El Carpe Diem o vivir el momento presente se ha convertido en una obsesión |
Creemos
que nuestra satisfacción personal depende de la cantidad de cosas que
hagamos o que probemos y que eso también nos convertirá en mejores
personas por acumular la mayor cantidad de experiencias posibles al cabo
de nuestra vida. Sin embargo, se trata de una verdad a medias.
La
experiencia nos hace aprender siempre que sepamos hacerlo, siempre que
seamos conscientes de lo que estamos viviendo y reflexionemos sobre
ello. Podemos estar físicamente en un momento dado, actuar, ver y sentir
y, a la vez, nuestros pensamientos pueden estar estancados en otras
alternativas que no pudimos elegir. Es necesario que haya un proceso de
aprendizaje para asimilar lo que queremos que perdure como experiencia
si no, será un acto semejante a mirar por la ventana.
El Carpe Diem
se ha convertido en una obsesión y vivir el momento presente se ha
transformado en tener prisa por vivir. Pensamos que con lo que hacemos a
diario estamos perdiendo el tiempo o que tendríamos que hacer algo más
productivo con nuestra vida. Y a la vez, nos agobiamos porque nos damos
cuenta de que no tenemos suficiente tiempo para hacer todo lo que
queremos.
Eso
nos sumerge en un estado de ansiedad que no nos permite disfrutar de
forma plena por no ser capaces de deshacernos de las otras alternativas.

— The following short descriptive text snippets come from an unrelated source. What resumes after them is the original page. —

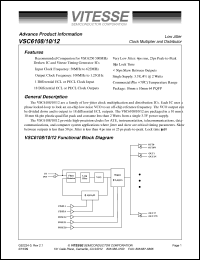 datasheet for VSC6110 by 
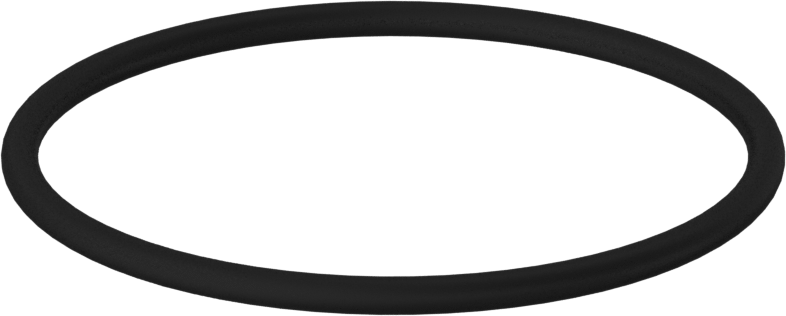 Kimyasala Dayanıklı Viton® Floroelastomer O-Ring, 3 mm Genişlik, 58 mm İç Çap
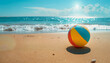 © AbdulHakim - Beach Ball on a Sunny Day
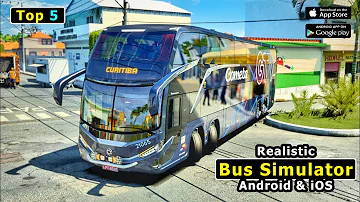 Top 5 Realistic Bus Simulator Games For Android iOS 2024 | Part 3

Nos cuesta elegir y tratamos de evitarlo y, con ello, lo que
conseguimos es que la ansiedad se afiance. Nos autoconvencemos de que
seremos capaces de conseguir llevar a cabo todo lo que pretendemos y es
entonces cuando nuestra cabeza deja de centrarse en el presente para
comenzar a pensar en el futuro.
Debemos
aprender a establecer prioridades y saber qué es lo que nos interesa de
verdad para poder elegir adecuadamente. Realizar actividades o probar
nuevas sensaciones que ya no recordaremos al día siguiente por estar
demasiado ocupados en lo siguiente que va a venir nos va a crear una
sensación de insatisfacción continua que derivará en una ansiedad
generalizada. No nos la podremos quitar de encima a menos que
reconectemos con el momento presente y comencemos a tomar decisiones.
Y tomar decisiones, siempre conlleva renunciar a algo.